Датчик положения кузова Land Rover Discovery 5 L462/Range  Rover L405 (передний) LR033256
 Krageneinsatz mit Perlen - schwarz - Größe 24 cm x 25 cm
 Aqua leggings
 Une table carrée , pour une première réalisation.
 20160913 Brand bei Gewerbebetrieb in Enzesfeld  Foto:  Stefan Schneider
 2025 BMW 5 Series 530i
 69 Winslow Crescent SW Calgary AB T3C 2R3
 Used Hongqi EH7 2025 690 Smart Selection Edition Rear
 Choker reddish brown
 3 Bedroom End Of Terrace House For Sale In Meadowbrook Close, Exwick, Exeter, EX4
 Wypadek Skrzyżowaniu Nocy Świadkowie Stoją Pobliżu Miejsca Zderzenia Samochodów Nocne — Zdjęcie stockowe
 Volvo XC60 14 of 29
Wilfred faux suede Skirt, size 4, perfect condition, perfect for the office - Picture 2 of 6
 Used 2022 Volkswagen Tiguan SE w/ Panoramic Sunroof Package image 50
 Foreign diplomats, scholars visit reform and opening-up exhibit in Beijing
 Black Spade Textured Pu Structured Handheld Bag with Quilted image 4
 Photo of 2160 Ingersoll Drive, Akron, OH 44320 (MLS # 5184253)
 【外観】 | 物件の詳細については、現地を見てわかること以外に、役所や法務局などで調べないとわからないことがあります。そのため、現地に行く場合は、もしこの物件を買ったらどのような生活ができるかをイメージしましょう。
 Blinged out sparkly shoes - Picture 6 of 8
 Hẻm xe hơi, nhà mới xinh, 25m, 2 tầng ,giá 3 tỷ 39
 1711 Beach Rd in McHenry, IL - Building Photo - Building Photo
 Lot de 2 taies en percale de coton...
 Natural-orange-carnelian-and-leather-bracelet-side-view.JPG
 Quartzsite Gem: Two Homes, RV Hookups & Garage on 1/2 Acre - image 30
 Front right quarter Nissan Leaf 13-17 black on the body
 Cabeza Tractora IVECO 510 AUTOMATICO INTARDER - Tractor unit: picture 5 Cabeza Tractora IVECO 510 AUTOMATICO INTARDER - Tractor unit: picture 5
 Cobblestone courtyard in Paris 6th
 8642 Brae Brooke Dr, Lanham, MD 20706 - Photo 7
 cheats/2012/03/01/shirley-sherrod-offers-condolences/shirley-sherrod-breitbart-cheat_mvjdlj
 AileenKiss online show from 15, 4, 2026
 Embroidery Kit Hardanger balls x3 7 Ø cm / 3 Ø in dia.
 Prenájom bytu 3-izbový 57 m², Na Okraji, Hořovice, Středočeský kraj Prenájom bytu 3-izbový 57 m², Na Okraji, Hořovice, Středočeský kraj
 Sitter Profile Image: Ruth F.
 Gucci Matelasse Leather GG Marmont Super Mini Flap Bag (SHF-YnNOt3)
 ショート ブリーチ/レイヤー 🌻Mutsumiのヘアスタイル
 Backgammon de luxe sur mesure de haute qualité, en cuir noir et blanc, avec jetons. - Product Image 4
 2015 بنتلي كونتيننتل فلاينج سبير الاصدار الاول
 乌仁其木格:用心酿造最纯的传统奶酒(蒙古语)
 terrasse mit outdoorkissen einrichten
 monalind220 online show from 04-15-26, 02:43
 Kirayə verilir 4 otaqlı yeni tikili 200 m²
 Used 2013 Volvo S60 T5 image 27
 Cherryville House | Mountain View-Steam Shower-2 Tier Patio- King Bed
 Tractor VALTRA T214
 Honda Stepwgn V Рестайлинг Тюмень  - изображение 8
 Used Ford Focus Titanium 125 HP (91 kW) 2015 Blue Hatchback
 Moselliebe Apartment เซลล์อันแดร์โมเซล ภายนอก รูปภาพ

• • • • • • •

> Problem to work on:
When a line in the material includes the word "Tractor", copy it out.

> Answer for this exercise:
 Cabeza Tractora IVECO 510 AUTOMATICO INTARDER - Tractor unit: picture 5 Cabeza Tractora IVECO 510 AUTOMATICO INTARDER - Tractor unit: picture 5
 Tractor VALTRA T214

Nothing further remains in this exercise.